What you need to do>
Every line of the material is to be transcribed verbatim, with images omitted.

Stored data>
########################################

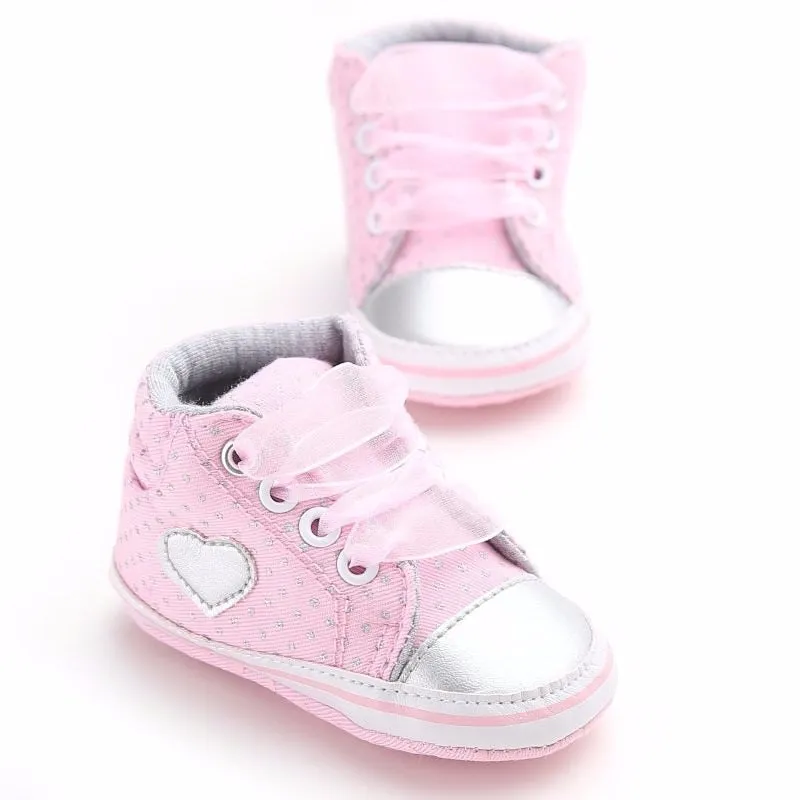 Baby Heart Lace-Up Sneakers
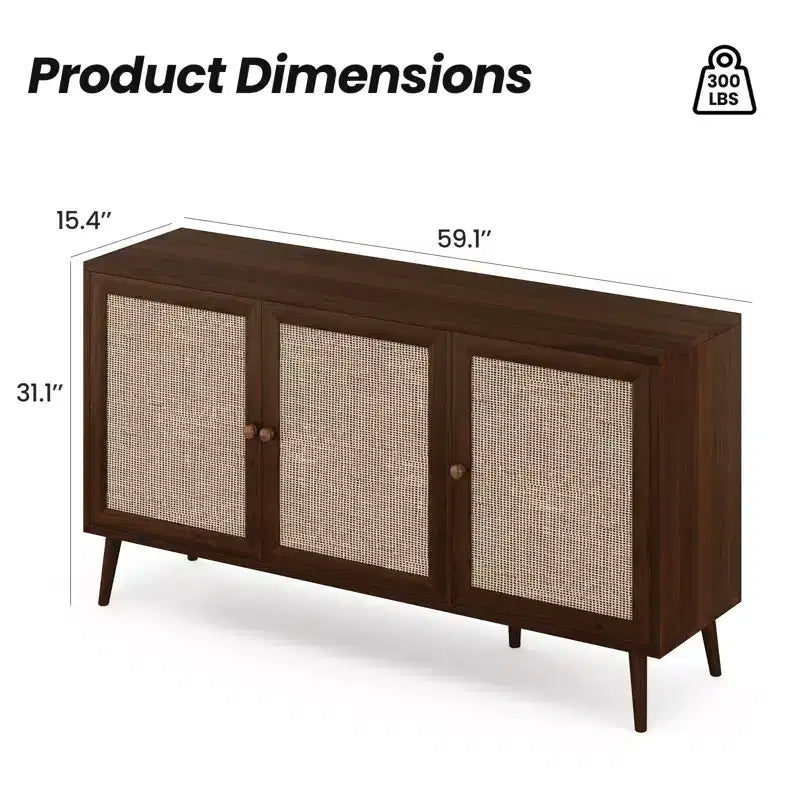 PexFix Side Panel Cabinet With 3 Rattan Doors Kitchen Storage Cabinet Modern Adjustable Legs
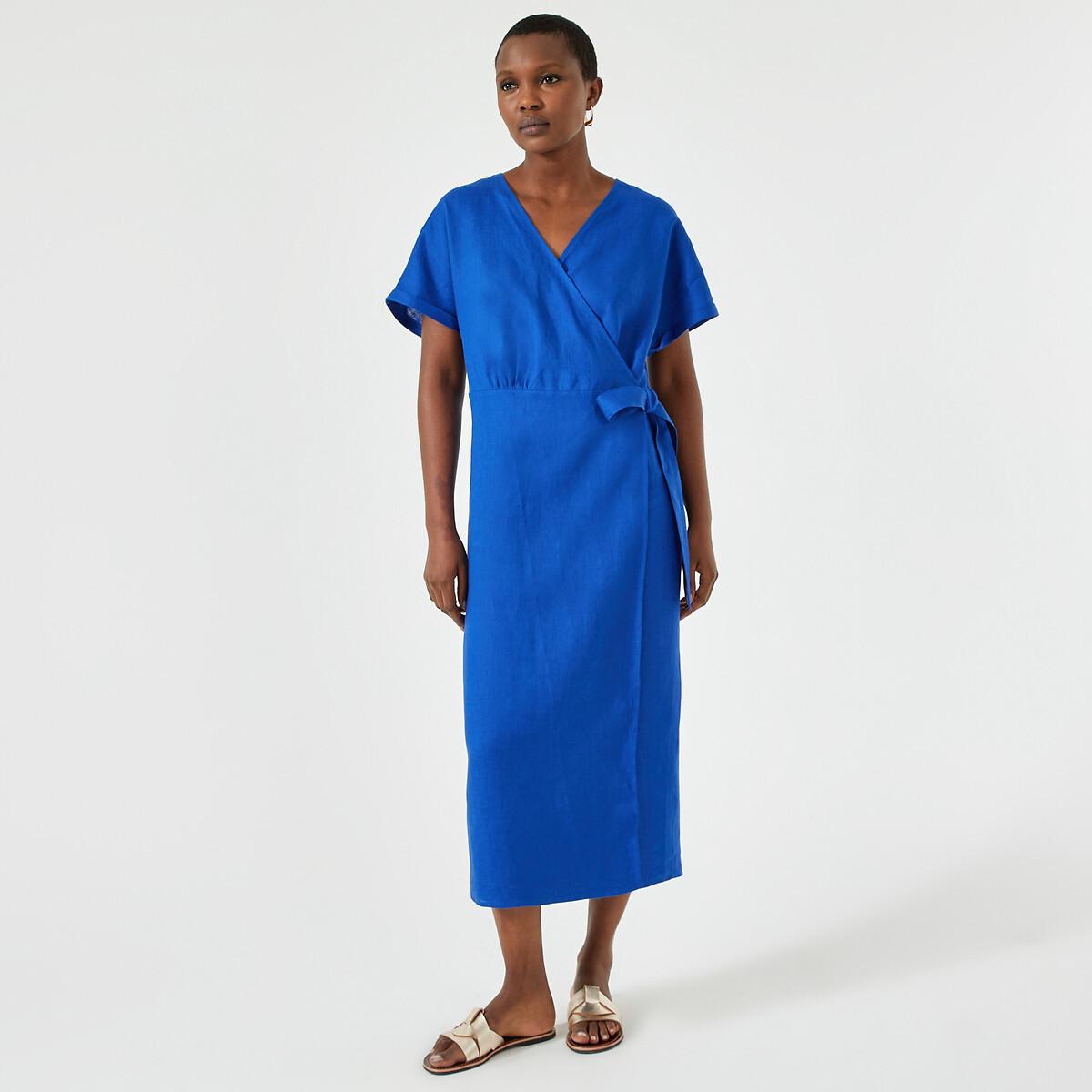 Image of Gerades Midikleid Aus Leinen Damen Blau 36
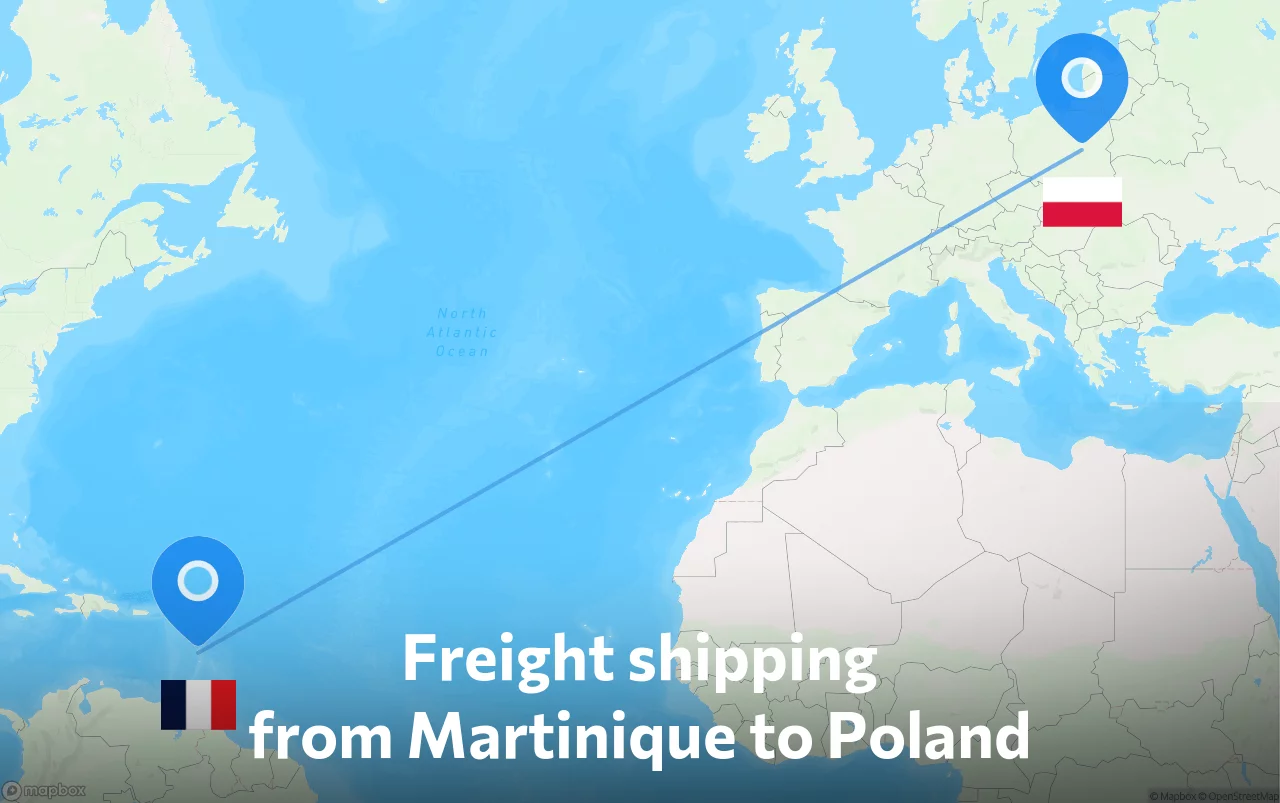 Shipping route from Martinique to Poland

########################################

Written reply>
 Baby Heart Lace-Up Sneakers
 PexFix Side Panel Cabinet With 3 Rattan Doors Kitchen Storage Cabinet Modern Adjustable Legs
 Image of Gerades Midikleid Aus Leinen Damen Blau 36
 Shipping route from Martinique to Poland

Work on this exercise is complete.